In February 2017, journalist Mark Mazzetti, Schmidt, and Apuzzo published an article claiming that individuals associated with the Trump campaign had contacts with Russian intelligence officials. At that year's Conservative Political Action Conference, Trump referred to publications such as The New York Times as "enemies of the people" and authored a tweet negatively criticizing the Times and CNN. Following his speech, then-White House press secretary Sean Spicer prohibited The New York Times and several other publications, including CNN, the Los Angeles Times, the BBC, and Politico from attending his press briefings. An article in March revealed that then-House Intelligence Committee chair Devin Nunes—who began an investigation into Russian interference in the 2016 elections—was provided with intelligence reports from two White House officials, contributing to his recusal the following month.
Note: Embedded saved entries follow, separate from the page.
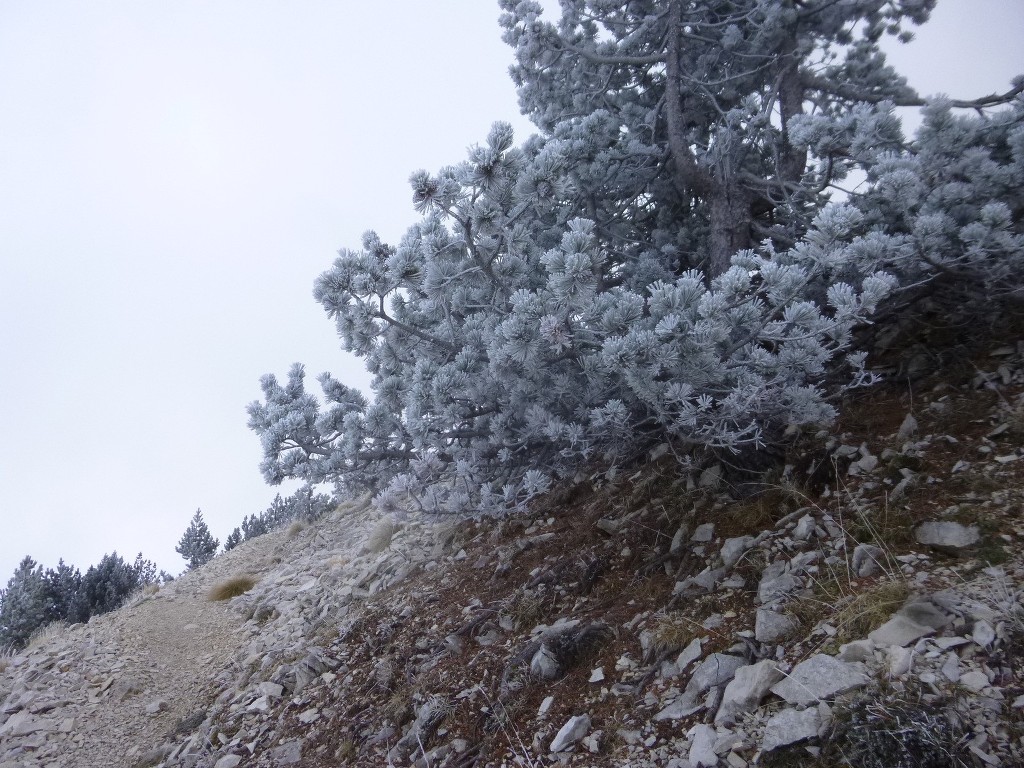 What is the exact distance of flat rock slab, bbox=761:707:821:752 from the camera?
6.87 ft

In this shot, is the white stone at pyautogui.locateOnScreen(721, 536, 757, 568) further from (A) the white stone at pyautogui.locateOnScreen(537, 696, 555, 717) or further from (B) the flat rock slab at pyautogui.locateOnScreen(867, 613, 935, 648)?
(A) the white stone at pyautogui.locateOnScreen(537, 696, 555, 717)

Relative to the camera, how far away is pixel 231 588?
784 centimetres

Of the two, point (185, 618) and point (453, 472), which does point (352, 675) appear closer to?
point (453, 472)

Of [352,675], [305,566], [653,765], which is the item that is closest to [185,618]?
[305,566]

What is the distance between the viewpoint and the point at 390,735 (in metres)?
3.50

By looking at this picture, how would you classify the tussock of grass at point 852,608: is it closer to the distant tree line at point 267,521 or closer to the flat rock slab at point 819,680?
the flat rock slab at point 819,680

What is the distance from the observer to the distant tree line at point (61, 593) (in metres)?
9.66

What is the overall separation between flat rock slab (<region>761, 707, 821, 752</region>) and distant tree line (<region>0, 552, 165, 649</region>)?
34.7 feet

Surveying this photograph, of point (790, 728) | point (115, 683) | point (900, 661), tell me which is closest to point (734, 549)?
point (900, 661)

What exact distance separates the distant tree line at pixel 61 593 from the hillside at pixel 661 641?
13.8ft

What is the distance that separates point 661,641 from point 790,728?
3.26ft

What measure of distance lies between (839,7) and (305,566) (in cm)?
854

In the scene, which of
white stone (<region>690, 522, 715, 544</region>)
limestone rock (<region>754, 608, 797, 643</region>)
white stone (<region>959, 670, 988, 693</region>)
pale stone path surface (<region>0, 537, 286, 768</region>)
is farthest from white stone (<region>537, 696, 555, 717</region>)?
pale stone path surface (<region>0, 537, 286, 768</region>)

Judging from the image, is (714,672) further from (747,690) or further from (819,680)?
(819,680) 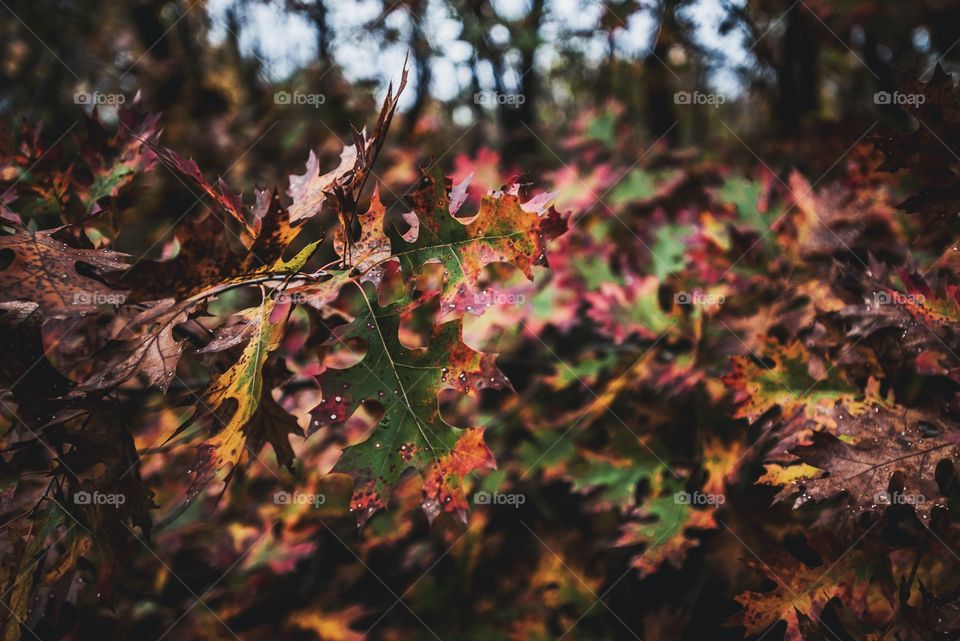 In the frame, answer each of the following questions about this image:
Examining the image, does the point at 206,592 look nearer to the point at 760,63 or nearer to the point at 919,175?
the point at 919,175

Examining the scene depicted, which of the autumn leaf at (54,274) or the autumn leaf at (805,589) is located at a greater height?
the autumn leaf at (54,274)

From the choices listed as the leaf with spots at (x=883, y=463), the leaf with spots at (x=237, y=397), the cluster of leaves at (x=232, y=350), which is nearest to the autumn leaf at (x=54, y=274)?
the cluster of leaves at (x=232, y=350)

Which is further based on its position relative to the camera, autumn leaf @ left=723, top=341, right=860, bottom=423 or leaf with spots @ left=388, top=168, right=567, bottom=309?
autumn leaf @ left=723, top=341, right=860, bottom=423

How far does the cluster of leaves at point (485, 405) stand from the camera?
3.50 feet

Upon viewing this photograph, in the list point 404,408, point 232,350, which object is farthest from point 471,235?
point 232,350

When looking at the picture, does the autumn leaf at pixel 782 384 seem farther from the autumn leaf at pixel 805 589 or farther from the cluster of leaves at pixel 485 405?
the autumn leaf at pixel 805 589

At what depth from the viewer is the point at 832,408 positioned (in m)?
1.30

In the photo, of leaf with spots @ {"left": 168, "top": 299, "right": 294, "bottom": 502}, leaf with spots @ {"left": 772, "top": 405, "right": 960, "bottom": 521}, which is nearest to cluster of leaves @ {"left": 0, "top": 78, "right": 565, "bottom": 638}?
leaf with spots @ {"left": 168, "top": 299, "right": 294, "bottom": 502}

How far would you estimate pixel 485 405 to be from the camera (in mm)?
2404

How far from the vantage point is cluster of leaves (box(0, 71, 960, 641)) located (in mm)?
1067

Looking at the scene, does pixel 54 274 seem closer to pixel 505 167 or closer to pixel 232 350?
pixel 232 350

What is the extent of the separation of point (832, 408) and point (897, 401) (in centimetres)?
13

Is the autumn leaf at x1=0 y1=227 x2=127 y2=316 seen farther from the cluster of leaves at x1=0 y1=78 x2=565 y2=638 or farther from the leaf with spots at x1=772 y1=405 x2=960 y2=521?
the leaf with spots at x1=772 y1=405 x2=960 y2=521

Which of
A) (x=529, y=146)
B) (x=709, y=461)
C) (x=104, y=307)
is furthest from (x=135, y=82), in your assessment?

On April 1, the Times published an article by Schmidt and business journalist Emily Steel alleging that Fox News host Bill O'Reilly engaged in sexual harassment; O'Reilly was released from the network on April 19.

On October 5, 2017, The New York Times published an article by journalists Jodi Kantor and Megan Twohey alleging that dozens of women had accused film producer and The Weinstein Company co-chairman Harvey Weinstein of sexual misconduct, allegations that had been rumored for decades prior. The article included a testimonial from actress Ashley Judd and states Weinstein paid eight settlements to victims, including actress Rose McGowan. The investigation created an imbroglio within The Weinstein Company; the company's board of directors proposed removing Weinstein. The New Yorker published a separate exposé into Weinstein on October 10 with additional details of forced oral and vaginal sex. The Timess investigation precipitated a broader range of allegations against hundreds of notable figures known as the Weinstein effect and was the catalyst for the #MeToo movement. In February 2018, The Weinstein Company filed for bankruptcy. Weinstein was indicted in May and convicted in February 2020; in March, he was sentenced to twenty-three years in prison.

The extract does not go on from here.